(Short descriptive text snippets)

Content starts

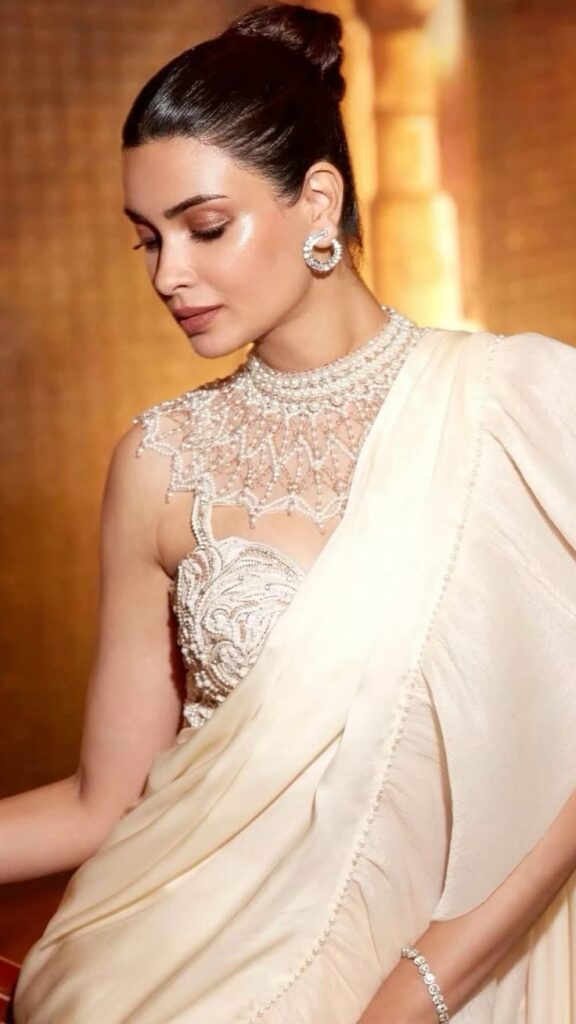 1395922 Diana Penty 1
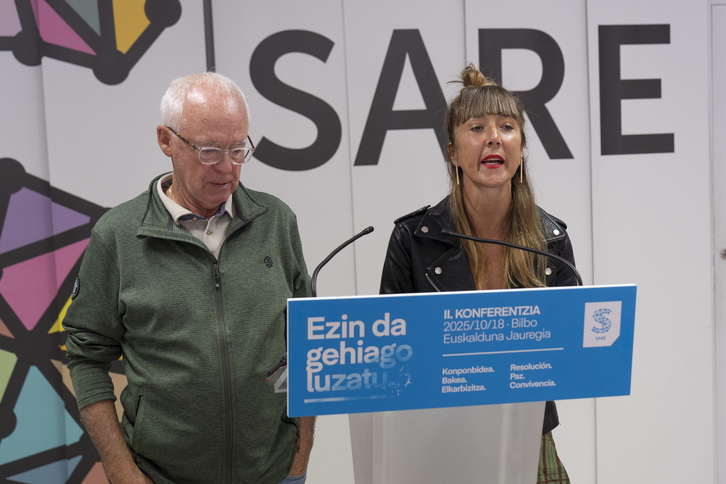 Joseba Azkarraga y Bego Atxa, en la comparecencia de este lunes.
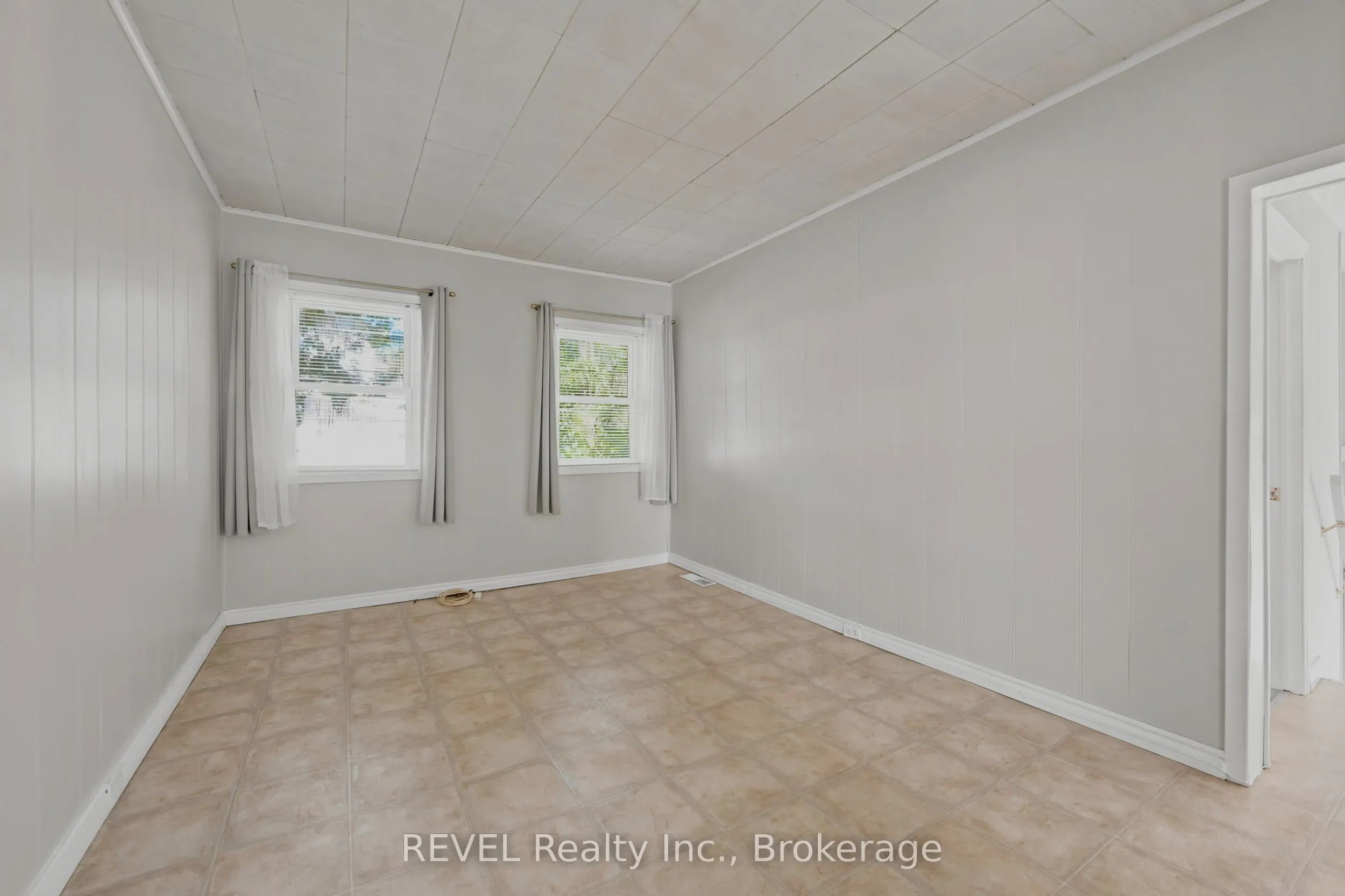 92 Saint Arnaud Street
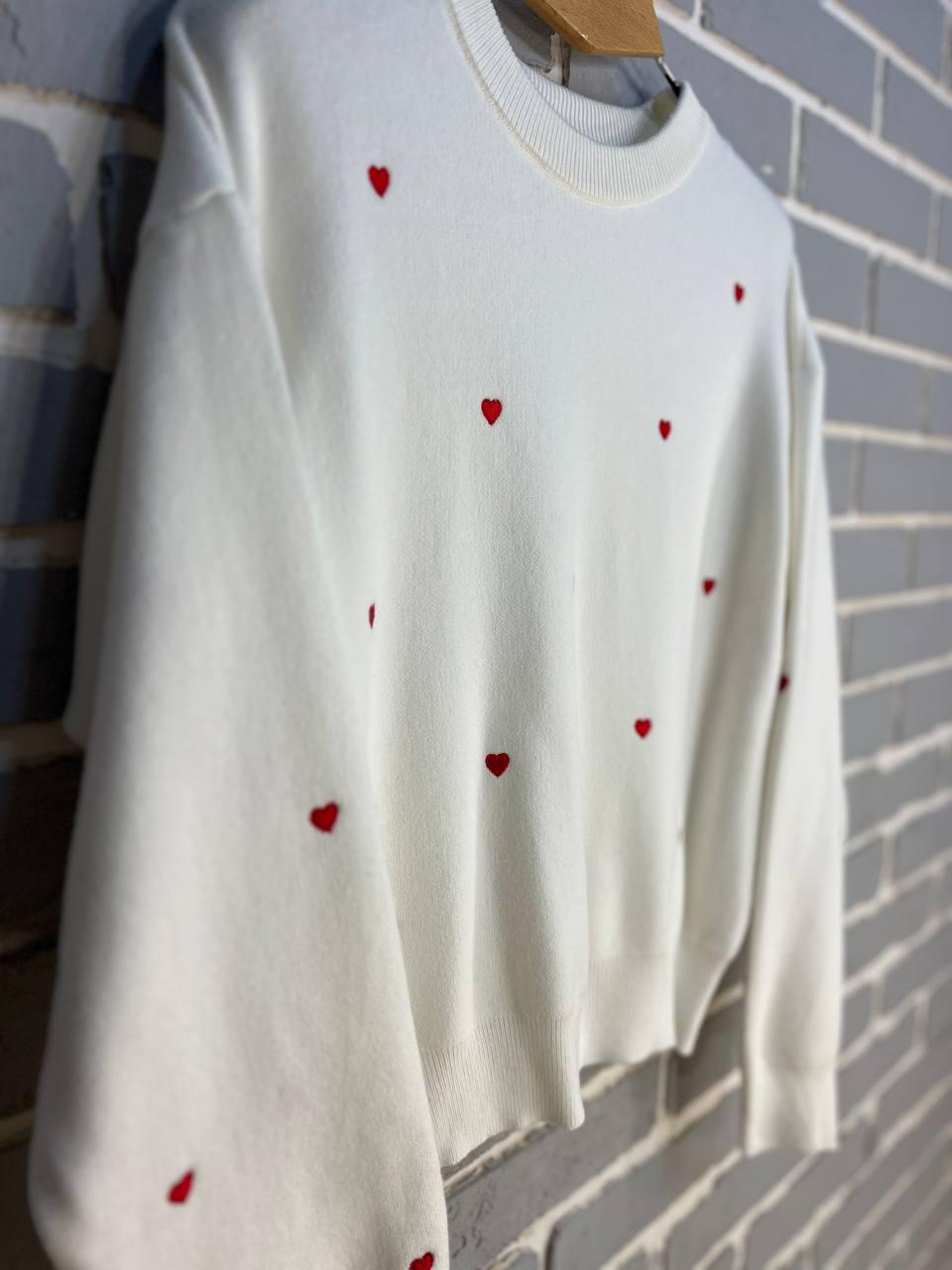 Свитер женский A-N 7075 широкий вышитые сердца OS Белый (2915) - фото 7
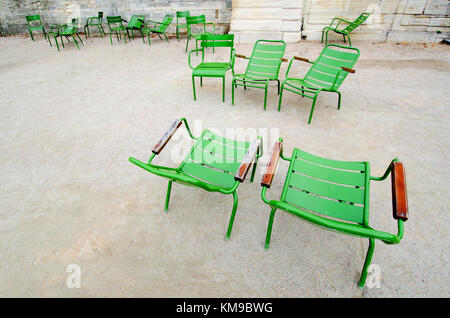 Paris, France. Jardin des Tuileries. Chaises d'extérieur vertes typiquement parisiennes Banque D'Images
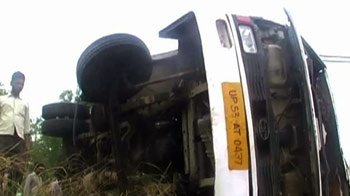 गोरखपुर हादसे में 20 की मौत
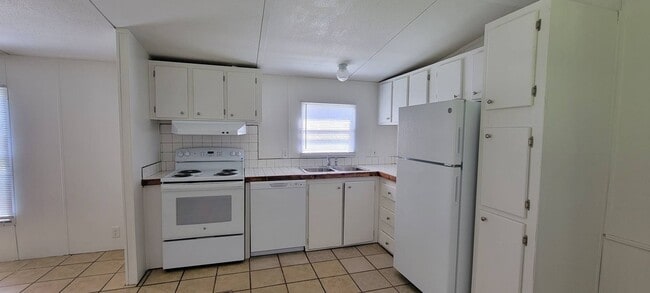 Building Photo - Ready to Move in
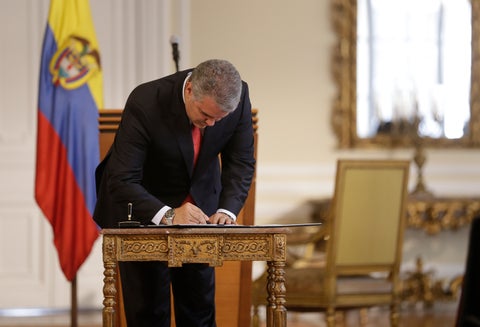 El presidente, Iván Duque, firmando el decreto que autoriza el decomiso de la dosis mínima, en la casa Nariño (Bogotá), el primero de octubre de 2018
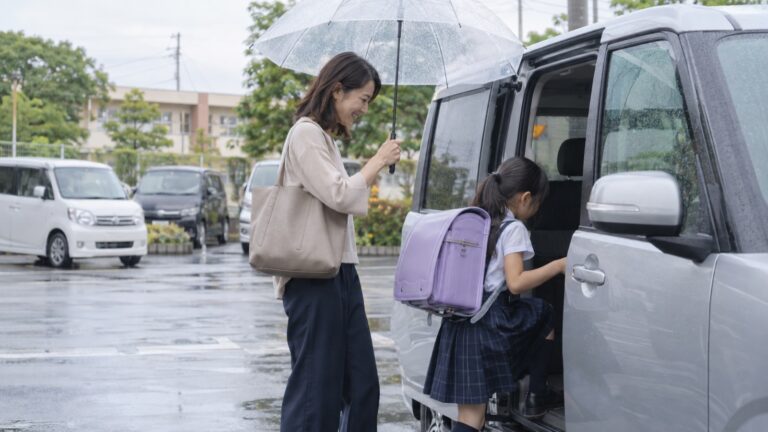 雨の日の送迎を楽にしたいを確認する車選びのイメージ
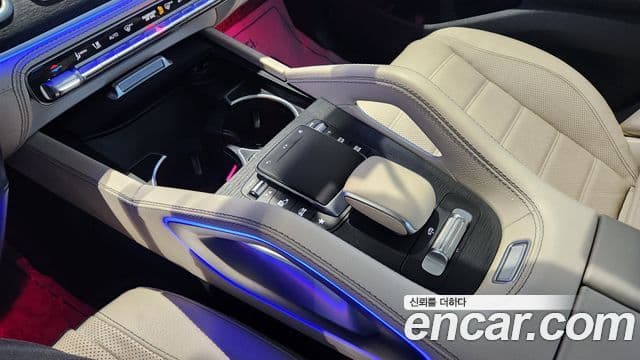 Mercedes-Benz GLE-Class 2022 — ფოტო 14/19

Content ends

Your assignment >> An exact copy of the entries, without any pictures, is what the answer should be.

Result below >>
 1395922 Diana Penty 1
 Joseba Azkarraga y Bego Atxa, en la comparecencia de este lunes.
 92 Saint Arnaud Street
 Свитер женский A-N 7075 широкий вышитые сердца OS Белый (2915) - фото 7
 Paris, France. Jardin des Tuileries. Chaises d'extérieur vertes typiquement parisiennes Banque D'Images
 गोरखपुर हादसे में 20 की मौत
 Building Photo - Ready to Move in
 El presidente, Iván Duque, firmando el decreto que autoriza el decomiso de la dosis mínima, en la casa Nariño (Bogotá), el primero de octubre de 2018
 雨の日の送迎を楽にしたいを確認する車選びのイメージ
 Mercedes-Benz GLE-Class 2022 — ფოტო 14/19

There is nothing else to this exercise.